Im Jahre 1959 übernahm Karl-Josef Sauer, Organist und Chorleiter, das Amt des Organisten in der Pfarrkirche. Nach kurzer Zeit gründete er eine Schola mit jungen Männern. Sie sangen damals mit Ausnahme der Ferien jeden Sonntag im Hochamt. Nach dem Zweiten Vatikanischen Konzil befassten sie sich intensiv mit der Gestaltung der erneuerten Liturgie. Aus dieser Schola entwickelte sich bis zum Jahre 1974 der Kirchenchor Mariä Himmelfahrt. Im gleichen Jahr wurde das Einheitsgesangbuch „Gotteslob“ eingeführt. In Verbindung mit dem damaligen Ortspfarrer, Michael Petschull, war der Chor wesentlich an der Einübung der neuen Gesänge und Lieder beteiligt und prägte den liturgischen Charakter der Sonn- und Feiertage im Kirchenjahr. Er gestaltete zum Beispiel an Festtagen die Vesper und gelegentlich eine Komplet mit einer Lichtfeier sowie zur weihnachtlichen Einstimmung die Matutin vor der Messe am Heiligen Abend. Mehrfach sang der Chor im Rahmen der drei österlichen Tage die Passion. Im Laufe seiner aktiven Zeit erlebte er fünf Pfarrer (Johannes Angert, Erhard Flörsch, Michael Petschull, Heinz Josef Heinemann und Christian Nagel) sowie einige Kapläne, mithelfende Priester und Diakone.

Die Chorgemeinschaft:

Es war eine schöne Zeit! Wir Sängerinnen und Sänger waren in all den Jahren – auch mit wechselnden Mitgliedern und unterschiedlichen Mitgliederzahlen und mit unserem Chorleiter Karl-Josef Sauer – eine frohe, harmonische Gemeinschaft. Jahresausflüge mit Familien und Freunden, geselliges Beisammensein in der ersten Chorstunde im Jahr und Feste zu Jubiläen trugen zur Festigung der Gemeinschaft bei.

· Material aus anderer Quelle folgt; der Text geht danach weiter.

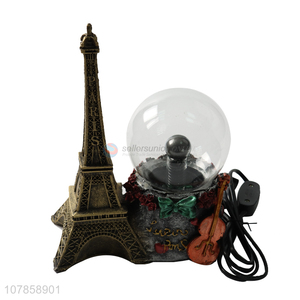 China products creative resin eifel tower statue static plasma ball lamp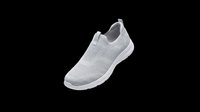 Gray slip-on sneaker with knit upper and white sole, isolated on transparent background. Ready for footwear catalogs, t-shirt design, stickers, and print on demand use.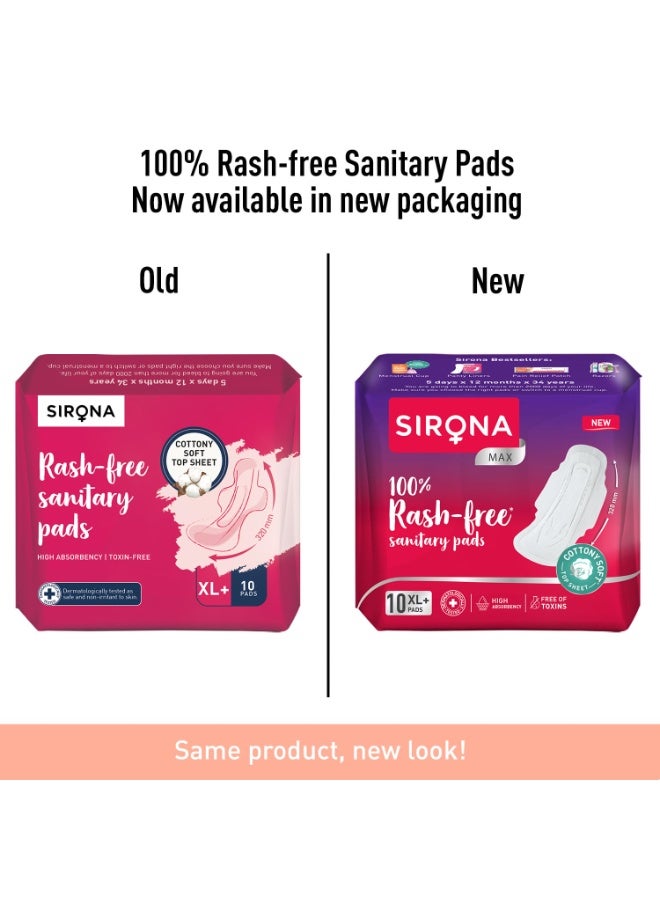 Sirona Max Sanitary Pads for Women | XL Plus (Pack of 10 Pads) | 100% Rash Free & Toxic-Free | Organic Cotton Sanitary Pad | Up to 0% Leakage, Comfortable & High Absorbency - Image 4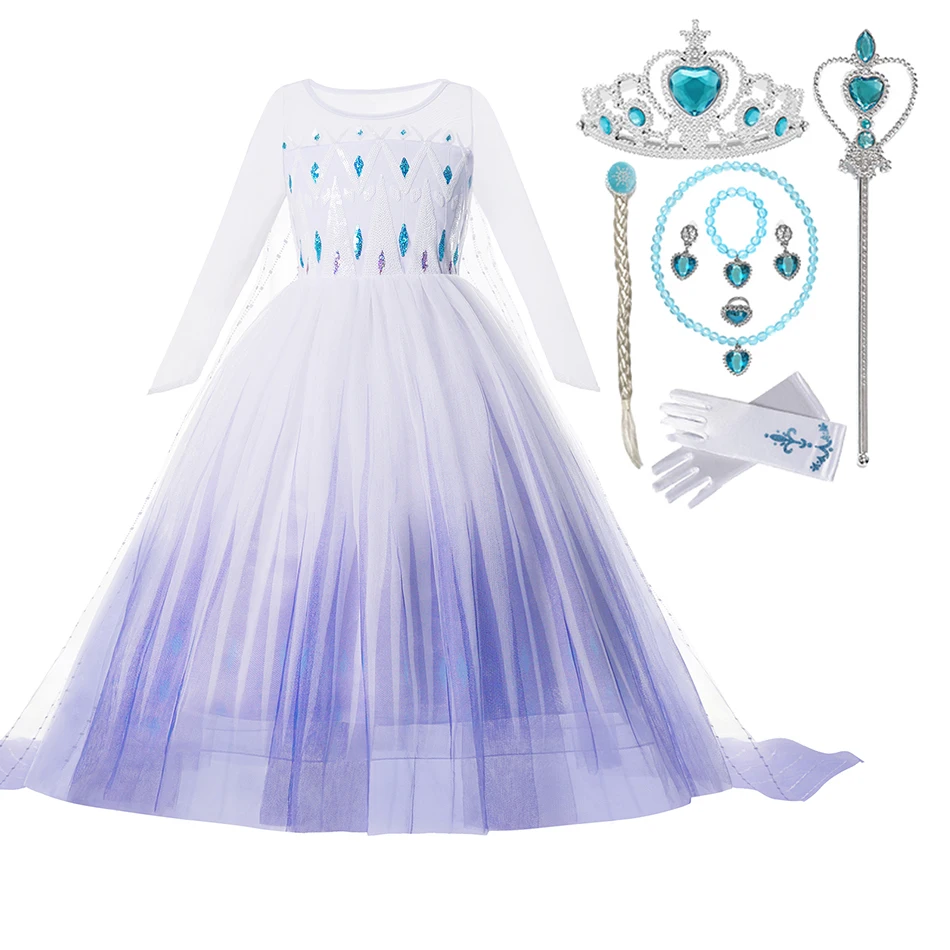 Новинка 2021 года Платье Холодное сердце и Эльза Летнее платье для девочек Детский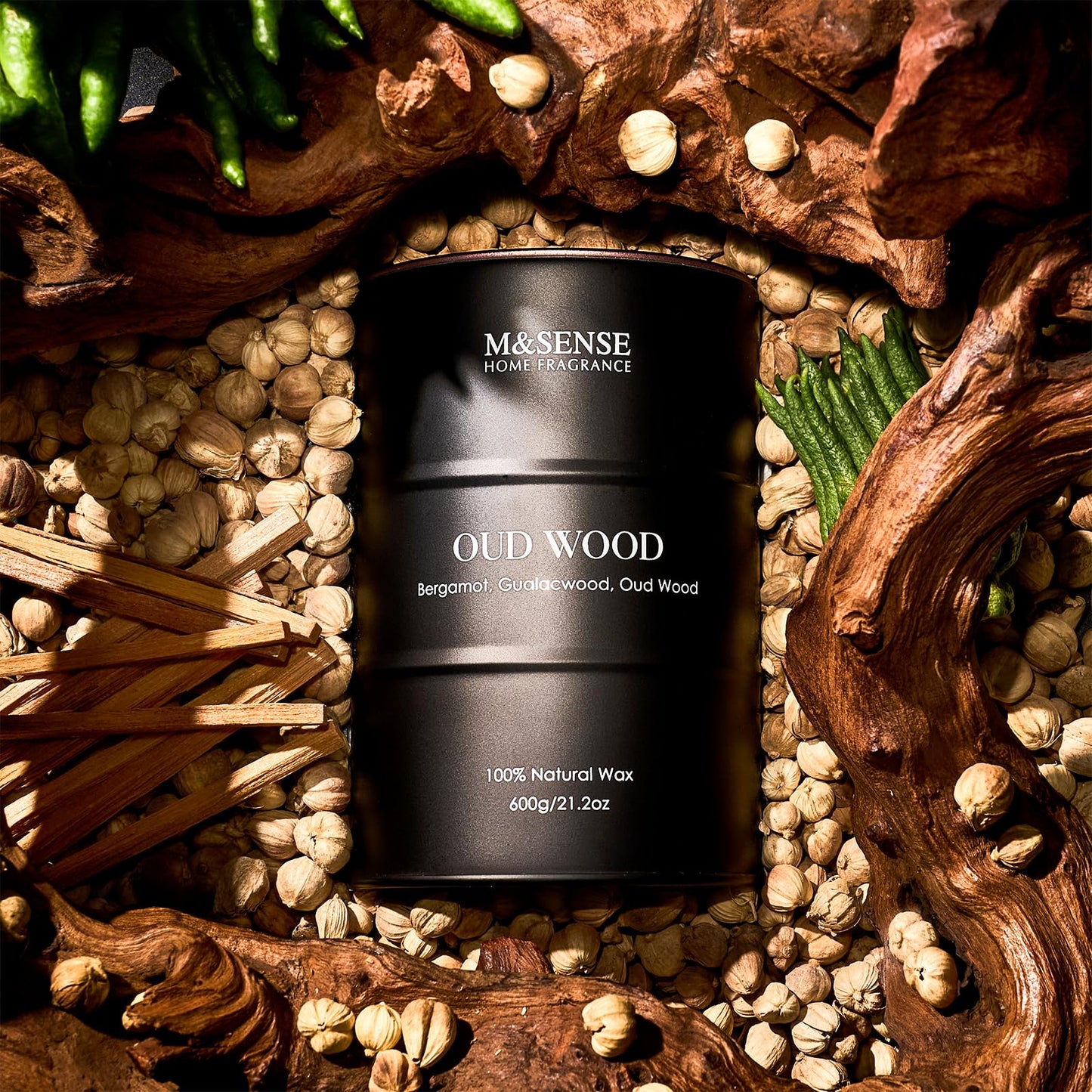 M&SENSE Oud Wood Large Scented Candle – Natural Soy Wax, 21.2oz, 120h Burn Time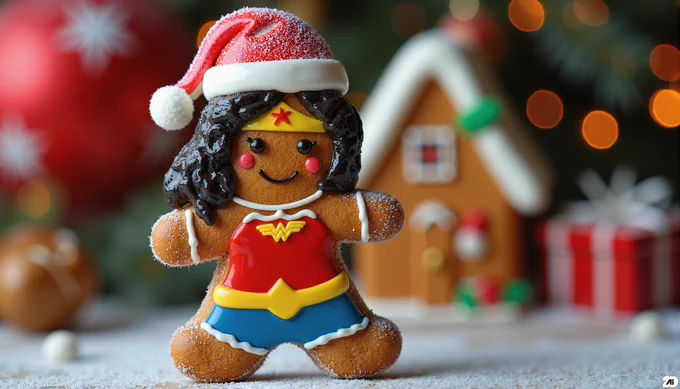 Prompt: a festive and delectable gingerbread cookie shaped as Wonder Woman dressed in christmas hat, detailed textures resembling real gingerbread and colorful icing, hyperrealistic, christmas decoration in the background
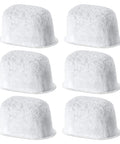 Six white Breville water filter cartridges (activated charcoal) for BWF100.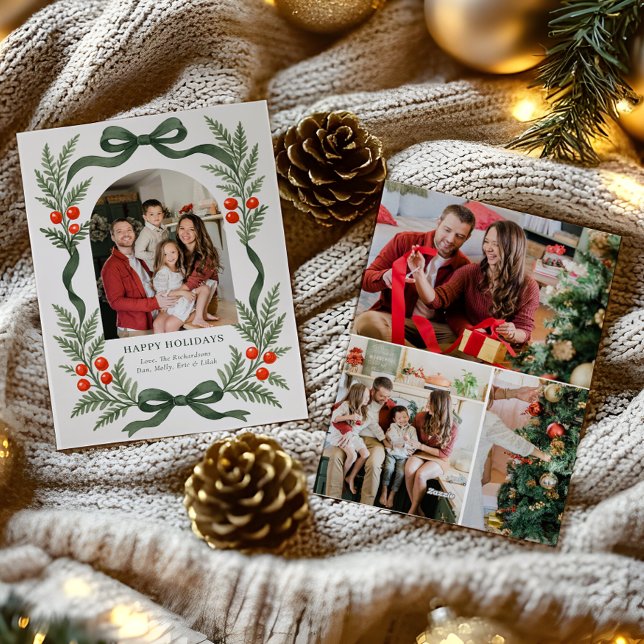 Tarjeta Festiva Green Ribbon Holiday Card with Photo Grid on Back (Subido por el creador)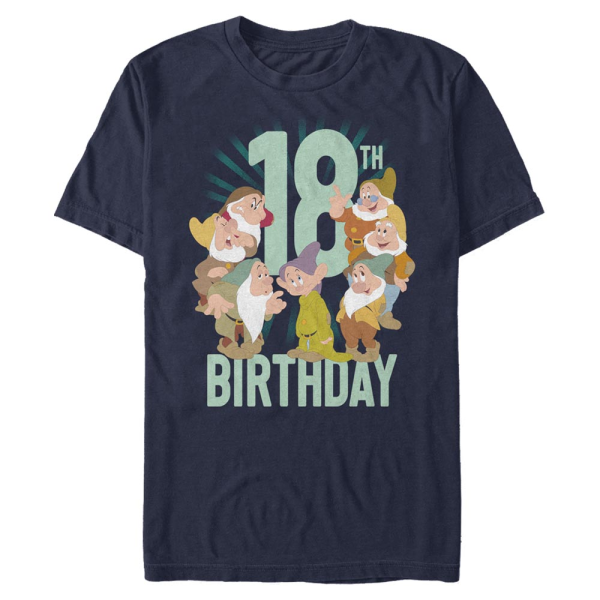 Disney - Snow White - Skupina Dwarves Eighteenth Bday - Birthday - Men's T-Shirt - Navy - Front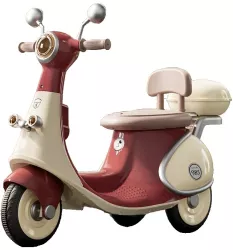 Motocicleta Electrica cu 3 Roti Flippy Acumulator Incarcare Anti-Rasturnare Lumini Sunete Baterie 6V 7Ah Telecomanda 95x67x36cm Ros 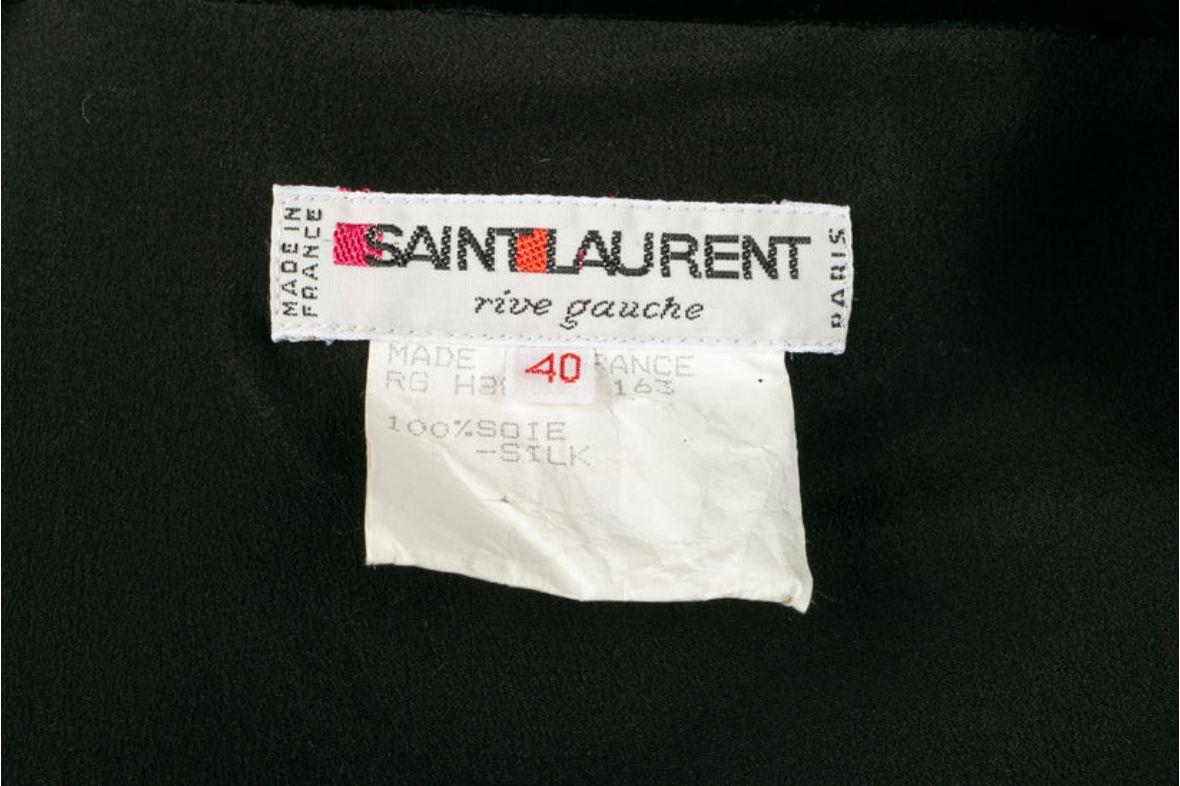 Yves Saint Laurent Black Asymmetric Dress in Velvet and Faille For Sale 5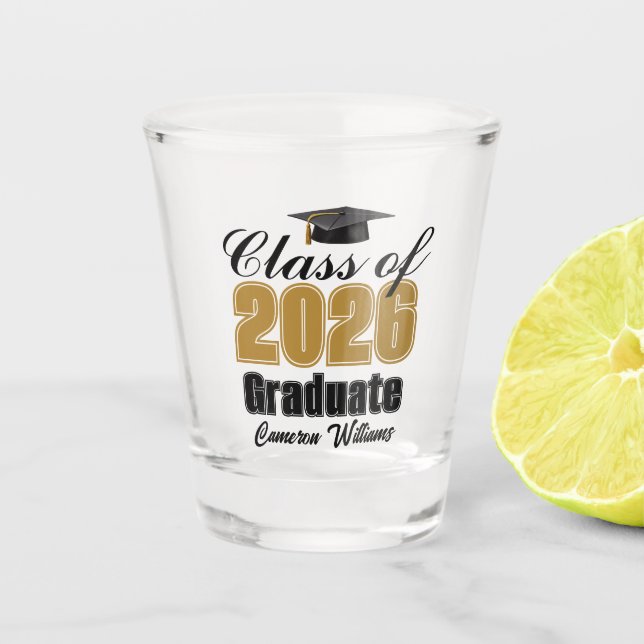 Vaso De Chupito Personalized Gold Black Class of 2026 Graduation (Anverso)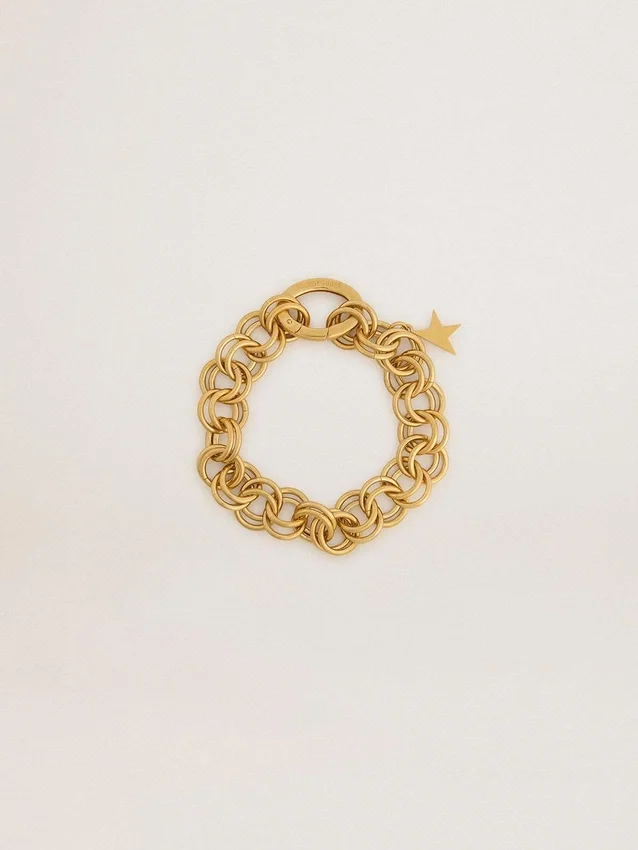 Bracelet à chaîne tissée couleur or antique avec fermoir en forme d’étoile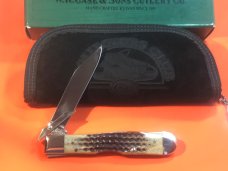 Case xx 2002 CheetahKnife (MDL# 6111 1/2) w/ Burnt Moss Bone Handles -NOS in Orig Zip Pouch +Box 
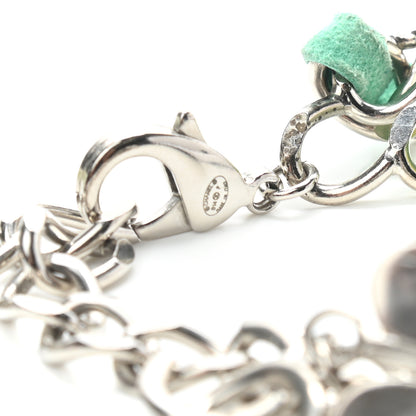 Chanel Tweed Suede Chain Lucky Charms CC Belt Green Silver 3 of 3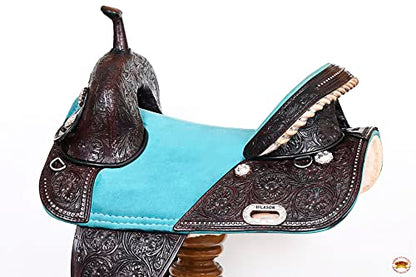 HILASON Western Horse Treeless Trail Barrel American Leather Saddle | for Horses - size: 14 In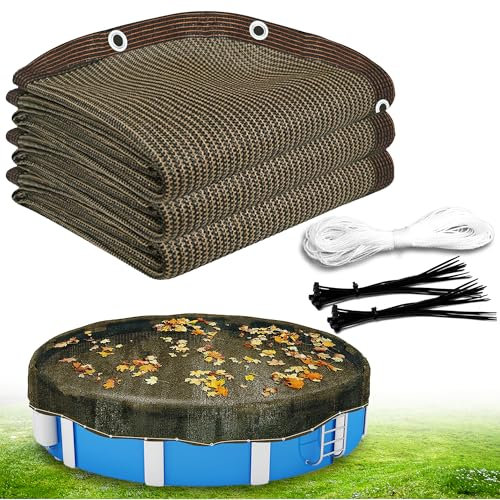 Bâche ronde de 4,5 m pour piscine hors sol de 3,7 m, bâche en maille durable avec œillets pour protéger des feuilles, des bâtons et des débris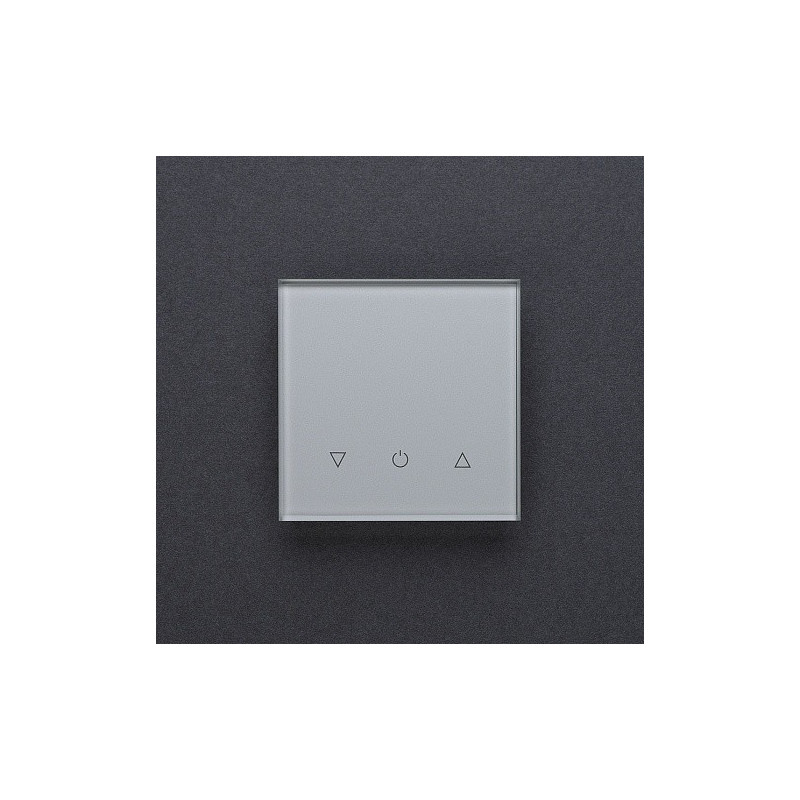 Одноканальный трехклавишный сенсорный радиопульт DeLUMO Senso 9006 серый металлик на темной стене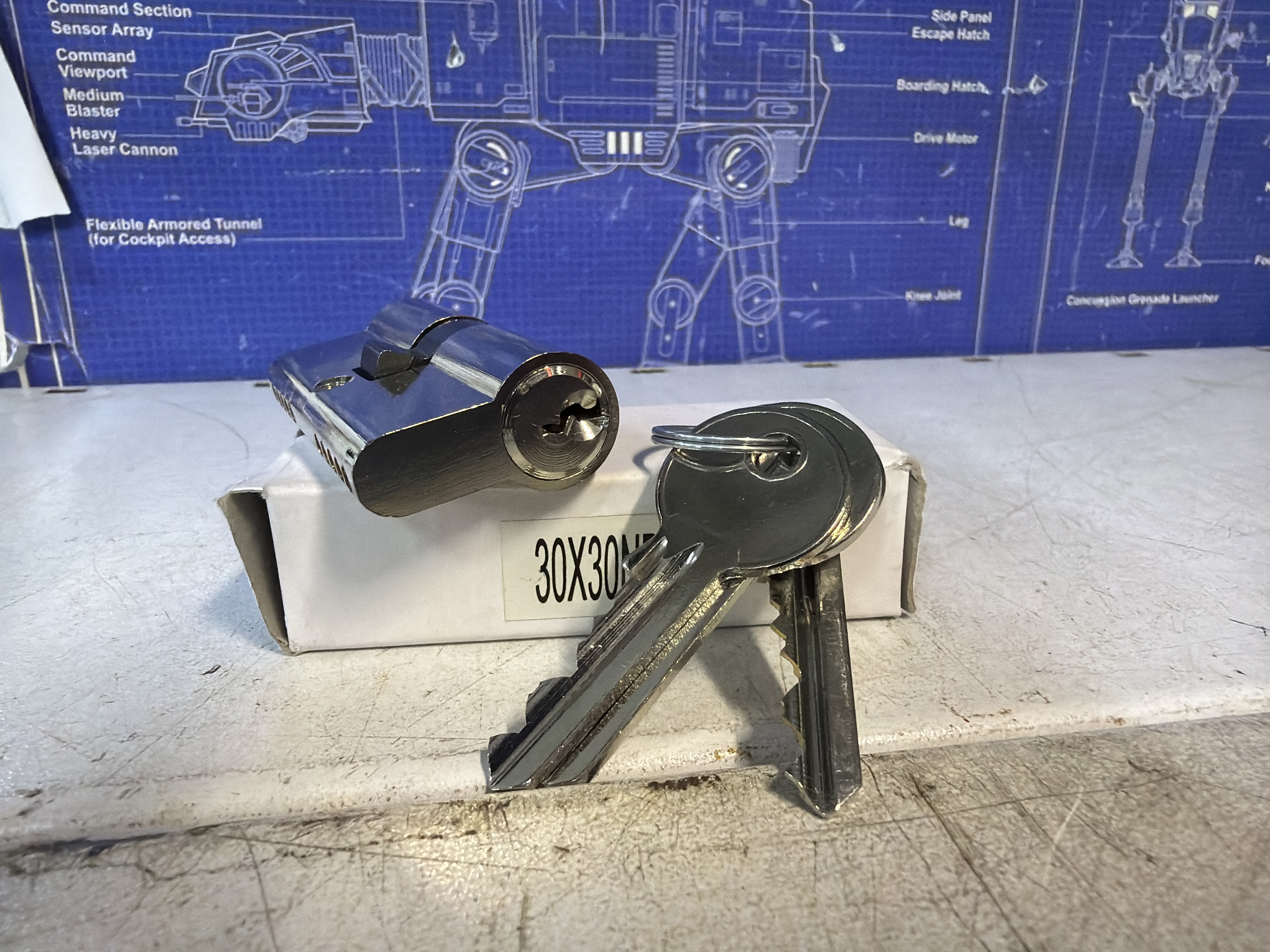 Barillet de serrure européen double 30x30 mm avec 3 clés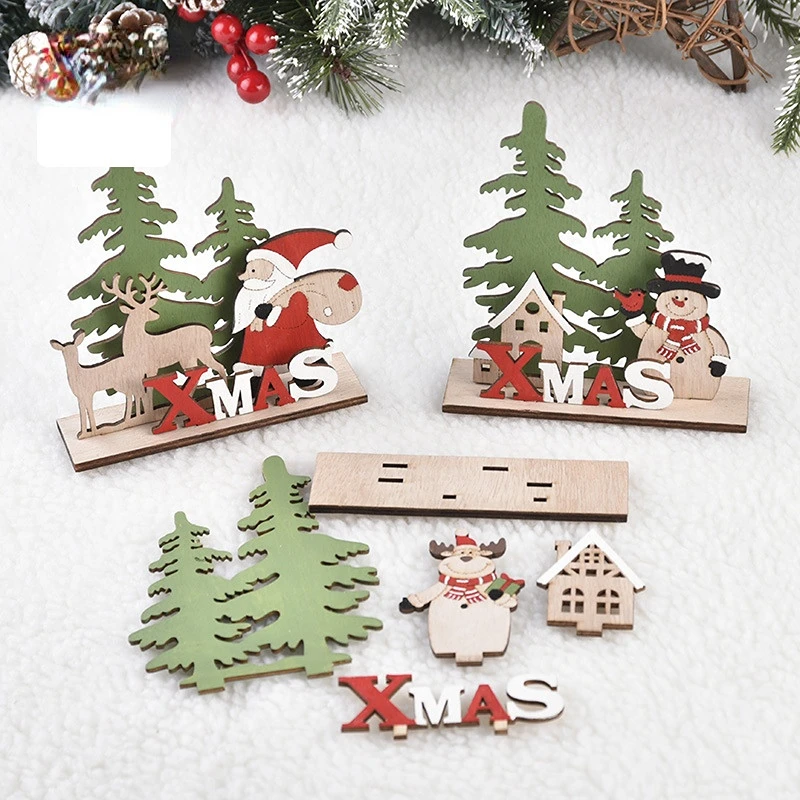 

Рождественские украшения, деревянные рождественские украшения, детские подарки «сделай сам», маленькое настольное украшение для окна, снеговик, олень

Wir bedanken uns bei unserem Chorleiter, Karl-Josef Sauer, für seinen Einsatz, für all seine Mühe und Geduld, für die Fülle von Informationen über Liturgie, Musikgeschichte und Musiktheorie, für die Gestaltung von Singwochenenden und für die zahlreichen Chorsätze, die er eigens für unseren Chor komponiert hat.

In diesem Zusammenhang bedanken wir uns auch bei unserem Notenwart, Manfred Schmidt, der aufgrund seiner Kenntnisse die für uns komponierten Chorsätze gestaltet hat.

Nicht zuletzt bedanken wir uns ebenfalls bei unserer Chorsängerin, Annemarie Schollmayer, für ihren großartigen Einsatz zum Wohle der Chorgemeinschaft, für alle organisatorischen Arbeiten z.B. bei der Gestaltung von Festen, Feiern, Ausflügen und Chorwochenenden, für die Öffentlichkeitsarbeit, für die Zusammenarbeit mit dem Pfarramt, für die Geburtstagsgratulationen im Namen des Chores und vieles mehr.

Zukünftig reihen wir uns zum Mitgestalten von liturgischen Feiern in die Kirchenbänke ein.